例えば、1を1枚、3を2枚、7を1枚持っている場合は、
m1=1
m3=2
m7=1
それ以外は0になるため
m1 + m2 + m3 + m4 + m5 + m6 + m7 = m1 + m3 + m7 = 1 + 2 + 1 = 4
となります。
最初の議論に戻り、ある数nは自分が持っている枚数プラス1回宣言できるため、ゲーム中に自分が宣言する回数は以下のようになります。
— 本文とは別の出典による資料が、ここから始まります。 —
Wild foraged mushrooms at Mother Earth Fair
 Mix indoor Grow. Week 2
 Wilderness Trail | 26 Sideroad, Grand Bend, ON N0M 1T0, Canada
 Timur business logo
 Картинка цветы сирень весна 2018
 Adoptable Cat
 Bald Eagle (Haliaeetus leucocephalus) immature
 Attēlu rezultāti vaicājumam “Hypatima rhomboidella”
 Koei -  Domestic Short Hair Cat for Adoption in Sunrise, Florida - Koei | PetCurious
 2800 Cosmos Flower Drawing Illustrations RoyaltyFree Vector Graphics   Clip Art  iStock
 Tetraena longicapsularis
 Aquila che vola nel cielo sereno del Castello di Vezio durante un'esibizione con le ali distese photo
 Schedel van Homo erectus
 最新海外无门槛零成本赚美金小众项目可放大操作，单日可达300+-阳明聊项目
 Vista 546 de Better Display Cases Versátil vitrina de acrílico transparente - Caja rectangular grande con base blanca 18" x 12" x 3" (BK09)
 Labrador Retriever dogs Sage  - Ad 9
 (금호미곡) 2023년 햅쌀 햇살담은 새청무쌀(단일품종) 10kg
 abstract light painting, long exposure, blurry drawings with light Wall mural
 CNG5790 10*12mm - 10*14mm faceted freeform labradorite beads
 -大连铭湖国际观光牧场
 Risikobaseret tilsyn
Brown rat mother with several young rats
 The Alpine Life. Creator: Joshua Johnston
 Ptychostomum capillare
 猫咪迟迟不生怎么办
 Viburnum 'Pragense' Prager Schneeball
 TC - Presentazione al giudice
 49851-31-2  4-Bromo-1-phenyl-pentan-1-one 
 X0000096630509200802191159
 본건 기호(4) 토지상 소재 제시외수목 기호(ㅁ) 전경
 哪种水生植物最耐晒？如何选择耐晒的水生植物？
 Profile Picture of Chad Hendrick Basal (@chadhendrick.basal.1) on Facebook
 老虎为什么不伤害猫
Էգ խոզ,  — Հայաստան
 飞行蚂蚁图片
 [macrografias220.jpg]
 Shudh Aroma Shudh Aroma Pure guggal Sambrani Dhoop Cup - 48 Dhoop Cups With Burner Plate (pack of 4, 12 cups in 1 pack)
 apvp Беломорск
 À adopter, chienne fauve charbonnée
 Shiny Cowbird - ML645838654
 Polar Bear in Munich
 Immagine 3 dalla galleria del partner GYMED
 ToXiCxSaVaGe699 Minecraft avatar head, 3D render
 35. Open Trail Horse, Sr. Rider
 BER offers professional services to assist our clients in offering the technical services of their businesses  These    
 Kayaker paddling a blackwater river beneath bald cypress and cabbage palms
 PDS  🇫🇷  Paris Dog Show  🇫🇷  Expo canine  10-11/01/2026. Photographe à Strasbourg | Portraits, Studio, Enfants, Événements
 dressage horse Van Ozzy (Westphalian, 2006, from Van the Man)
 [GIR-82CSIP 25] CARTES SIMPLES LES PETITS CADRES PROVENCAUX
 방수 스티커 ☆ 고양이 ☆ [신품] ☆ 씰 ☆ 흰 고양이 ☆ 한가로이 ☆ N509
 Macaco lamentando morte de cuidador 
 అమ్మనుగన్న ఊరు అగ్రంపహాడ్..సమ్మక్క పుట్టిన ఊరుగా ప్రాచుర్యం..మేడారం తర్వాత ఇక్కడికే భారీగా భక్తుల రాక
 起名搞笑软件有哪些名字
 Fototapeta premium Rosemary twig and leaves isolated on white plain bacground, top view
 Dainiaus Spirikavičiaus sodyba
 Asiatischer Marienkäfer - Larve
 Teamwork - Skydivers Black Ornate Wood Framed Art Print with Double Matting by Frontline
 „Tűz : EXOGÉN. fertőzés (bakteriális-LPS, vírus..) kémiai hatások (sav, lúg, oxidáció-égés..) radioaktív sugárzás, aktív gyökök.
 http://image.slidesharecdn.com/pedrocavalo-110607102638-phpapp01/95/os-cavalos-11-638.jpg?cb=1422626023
(m1 + 1) + (m2 + 1) + (m3 + 1) + (m4 + 1) +
(m5 + 1) + (m6 + 1) + (m7 + 1)
=m1 + m2 + m3 + m4 + m5 + m6 + m7 + 7
m1 + m2 + m3 + m4 + m5 + m6 + m7 = 4だったため
m1 + m2 + m3 + m4 + m5 + m6 + m7 + 7 = 4 + 7 = 11
ゲームが終了したあとで数字を宣言する必要はありませんよね。
上の図で示したとおり、自分の手札にある数字が無くなった時点で宣言をやめるため、実際の宣言回数は1回少なくなります。
したがって、10回が最大宣言回数となるわけです。